ArcFlow's daemon binds one UDS by default at /tmp/arcflow.sock.
Override with --socket <path>. Lock down access with standard Unix
file permissions on the path.
Quick start#
# Start the daemon (in-memory, no durability — fine for development)
arcflow-daemon --socket /tmp/arcflow.sock
# In another terminal: ping
echo '{"id":1,"method":"ping","params":{}}' | nc -U /tmp/arcflow.sock
# → {"id":1,"result":{"pong":true}}
# Create a topic + publish
echo '{"id":2,"method":"topic.create","params":{"name":"frames"}}' \
| nc -U /tmp/arcflow.sock
echo '{"id":3,"method":"topic.publish","params":{"topic":"frames","data":{"frame_no":1}}}' \
| nc -U /tmp/arcflow.sock
# → {"id":3,"result":{"sequence":1}}Wire protocol — newline-delimited JSON-RPC#
Every request is one JSON object on its own line. Response is one JSON object on its own line. Pipelining works: send N requests, receive N responses in the same order.
// Request
{"id": 42, "method": "topic.publish", "params": {"topic": "t", "data": {"k": "v"}}}
// Success response
{"id": 42, "result": {"sequence": 17}}
// Typed error response
{"id": 42, "error": {"code": "TOPIC_NOT_FOUND", "message": "Topic 't' does not exist"}}The full method catalog lives in the daemon's source — dispatch in
crates/arcflow-daemon/src/lib.rs
— but the surface is small: pub/sub (topic.*), pull-style consumers
(consumer.*), queue groups (group.*), plus a ping.
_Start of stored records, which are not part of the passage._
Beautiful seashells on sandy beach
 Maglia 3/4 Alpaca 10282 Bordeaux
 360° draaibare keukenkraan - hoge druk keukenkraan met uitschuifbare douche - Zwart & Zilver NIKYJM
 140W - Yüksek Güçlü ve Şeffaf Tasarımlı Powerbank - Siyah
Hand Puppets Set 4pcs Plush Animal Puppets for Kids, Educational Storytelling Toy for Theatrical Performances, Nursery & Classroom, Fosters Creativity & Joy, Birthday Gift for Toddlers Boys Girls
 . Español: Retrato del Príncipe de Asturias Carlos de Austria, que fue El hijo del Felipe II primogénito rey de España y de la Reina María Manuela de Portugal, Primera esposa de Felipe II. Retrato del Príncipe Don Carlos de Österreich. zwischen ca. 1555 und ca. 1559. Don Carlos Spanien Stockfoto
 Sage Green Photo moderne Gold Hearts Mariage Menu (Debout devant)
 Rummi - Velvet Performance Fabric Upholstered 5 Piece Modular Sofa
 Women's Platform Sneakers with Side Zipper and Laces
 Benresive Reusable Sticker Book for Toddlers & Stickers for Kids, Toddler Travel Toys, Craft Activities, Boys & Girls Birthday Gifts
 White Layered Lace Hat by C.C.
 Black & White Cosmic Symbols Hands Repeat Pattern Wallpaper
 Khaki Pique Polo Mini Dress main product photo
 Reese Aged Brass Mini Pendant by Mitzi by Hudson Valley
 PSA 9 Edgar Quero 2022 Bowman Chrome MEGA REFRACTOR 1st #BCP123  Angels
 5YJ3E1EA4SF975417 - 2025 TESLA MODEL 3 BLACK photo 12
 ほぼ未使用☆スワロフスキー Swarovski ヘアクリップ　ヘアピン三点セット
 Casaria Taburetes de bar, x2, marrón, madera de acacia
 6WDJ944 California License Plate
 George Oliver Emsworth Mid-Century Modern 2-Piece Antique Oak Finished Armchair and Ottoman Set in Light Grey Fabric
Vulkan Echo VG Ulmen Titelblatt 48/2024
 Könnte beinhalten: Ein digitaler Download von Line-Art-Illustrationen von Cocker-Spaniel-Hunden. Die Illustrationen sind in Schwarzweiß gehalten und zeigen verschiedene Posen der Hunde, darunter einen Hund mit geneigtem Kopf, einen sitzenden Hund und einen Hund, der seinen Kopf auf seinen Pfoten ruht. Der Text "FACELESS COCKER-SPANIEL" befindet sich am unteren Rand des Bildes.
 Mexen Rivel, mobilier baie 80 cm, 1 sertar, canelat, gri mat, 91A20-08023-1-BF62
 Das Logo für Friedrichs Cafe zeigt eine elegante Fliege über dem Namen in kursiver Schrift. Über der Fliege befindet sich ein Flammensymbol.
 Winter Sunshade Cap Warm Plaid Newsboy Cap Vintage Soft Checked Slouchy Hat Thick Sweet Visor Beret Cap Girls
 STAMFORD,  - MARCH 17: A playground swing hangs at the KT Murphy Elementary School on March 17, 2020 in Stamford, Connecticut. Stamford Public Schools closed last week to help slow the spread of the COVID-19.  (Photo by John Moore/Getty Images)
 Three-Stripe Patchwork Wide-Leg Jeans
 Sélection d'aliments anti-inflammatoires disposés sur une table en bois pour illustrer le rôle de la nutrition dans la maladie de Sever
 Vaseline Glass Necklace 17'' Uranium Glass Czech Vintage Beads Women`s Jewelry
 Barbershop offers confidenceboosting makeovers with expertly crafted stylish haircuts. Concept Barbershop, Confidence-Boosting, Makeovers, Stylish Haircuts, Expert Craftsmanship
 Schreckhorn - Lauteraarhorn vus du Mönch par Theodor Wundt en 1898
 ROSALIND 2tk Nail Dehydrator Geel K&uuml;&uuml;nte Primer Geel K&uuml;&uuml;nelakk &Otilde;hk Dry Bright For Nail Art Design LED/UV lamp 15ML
Throughput — pick the right publish pattern#
The daemon's per-request cost is dominated by JSON parse + UDS round- trip. Pattern matters a lot for throughput.
| Pattern | Use when |
|---|---|
topic.publish_batch (recommended for bursts) | Producer has N events ready and doesn't need a per-event ack. |
topic.publish pipelined (concurrent reader thread) | Producer can fire-and-forget but needs each event journaled separately (e.g. per-event WAL replay semantics). |
topic.publish round-trip-per-request | Producer needs a per-event ack before sending the next (rare; usually a footgun). |
If you're seeing low throughput, you're almost certainly on the
round-trip-per-request path. Switch to publish_batch with a
batch size of 100–1000 for substantially higher event rates. Measure
on your host with the topic.publish* benchmarks in the ozinc/arcflow
repo.
// Batch publish — one RPC, many events
{
"id": 1,
"method": "topic.publish_batch",
"params": {
"topic": "frames",
"events": [
{"data": {"frame_no": 1}},
{"data": {"frame_no": 2}, "headers": {"trace_id": "abc"}},
{"data": {"frame_no": 3}}
]
}
}
// Response — sequences in input order
{"id": 1, "result": {"sequences": [1, 2, 3], "count": 3}}First-failure-stops semantics matching Kafka producer batches:
if event K fails (e.g. invalid payload), events 0..K-1 are
published, response carries the partial sequences plus the typed
error and partial: true. Caller resumes from sequences.len().
Live retention changes — topic.set_retention#
Topics created with one retention policy can have it tightened or loosened at runtime without a restart. Useful for handling burst days, bounding queue depth on a noisy topic, or relaxing a too-tight policy that's dropping events you wanted to keep.
// Tighten a topic to keep at most the last 1000 events.
{
"id": 1,
"method": "topic.set_retention",
"params": {
"topic": "frames",
"max_events": 1000
}
}
// Both fields are independent and optional. `null` (or omitted)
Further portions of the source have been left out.